Anyway, just venting on how my good intentions are getting me and little Dolly no-where!


----------



## LittleGemma (Apr 1, 2012)

Ugh. It is beyond frustrating when people just think you're a "fanatic." They can be too ignorant and stubborn to do the research for themselves. I left my Chihuahua that I grew up with with my dad when I left the country, and left him a STRICT diet for her. I'm grateful that he really follows it. He's concerned for her health as much as I always was and still am now that I've sort of informed him about what's good and what's bad for her. I hope your parents can come to the same understanding soon! It is heartbreaking when you see owners doing something wrong for their pets, and you try to help them correct it, but they completely ignore you and don't value your advice.


----------



## LBChi (Mar 12, 2012)

It's very frustrating, my family thinks I'm a fantic. My brothers dog only eats cat food, and my moms dog eats dog chow. I showed my mom the dog food advisor site and showed her how bad it is for her. The dog is 100 pounder and she doesn't want to spend the money on the better food. What do you do? 
They also say that I torture my dogs when I dress them up. Go figure.


----------



## jesuschick (Dec 5, 2010)

It is sad.

I fed IAMS because I believed that it was one of the best foods that I could feed.
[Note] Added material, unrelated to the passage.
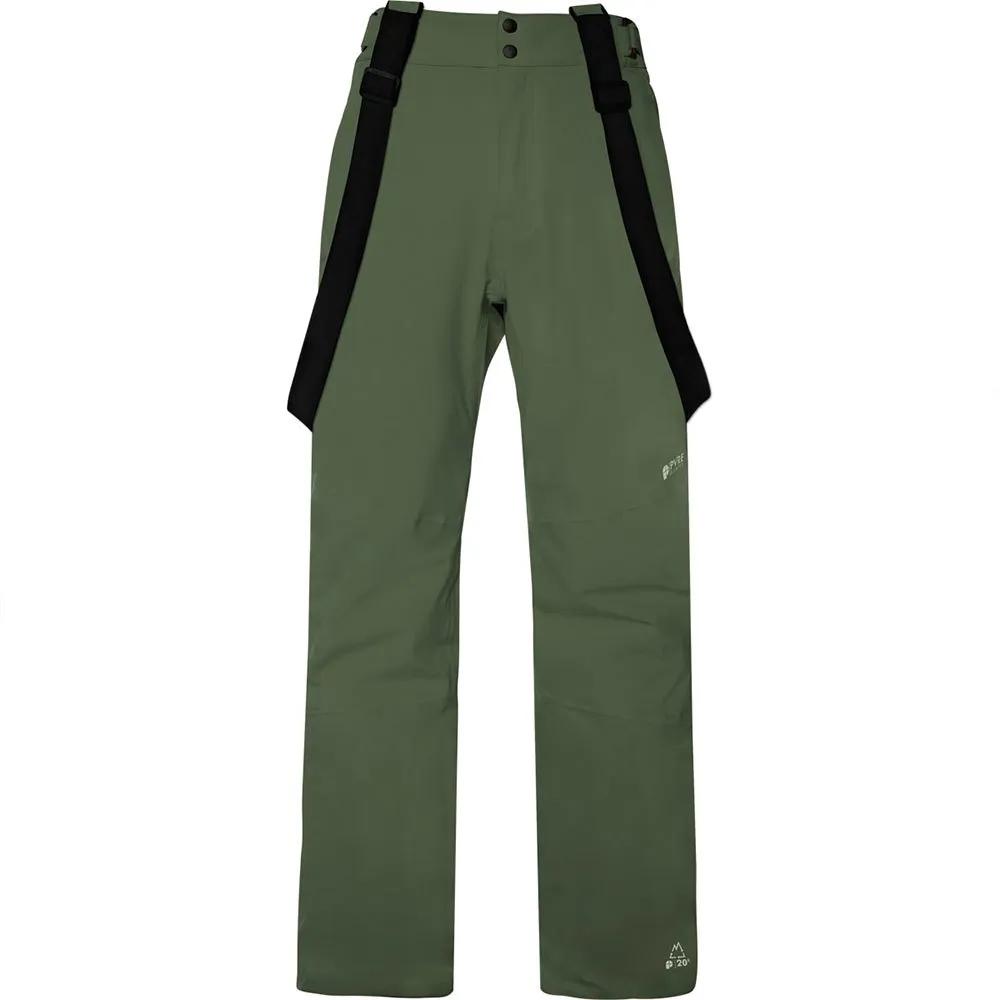 

Protest Брюки Mikado L/Regular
I am big enough a person (and heartbroken enough) to admit that I was WRONG!!

It is most frustrating when people become informed but either get defensive, are so far in denial that they think that what they are doing is right or continue caring for their dogs in a poor way. 

Some people are willing to sacrifice their pet's health. It astounds me. 

I am grateful that I became informed. My girl's health and lives will be better as a result.


----------



## Christabelle (Dec 21, 2011)

I can't tell you how many times I have heard, my vet says PURINA is the
only dog food that had no recalls, so it's all I feed. I've heard that from
several people. Not sure if it's the same source locally or what. 

:foxes15:


----------



## 20887 (Mar 16, 2011)

My family is the same way. My dad has fed every dog we have had NutriMax food, and when I try to get him to switch he just says its a good food. sigh...


----------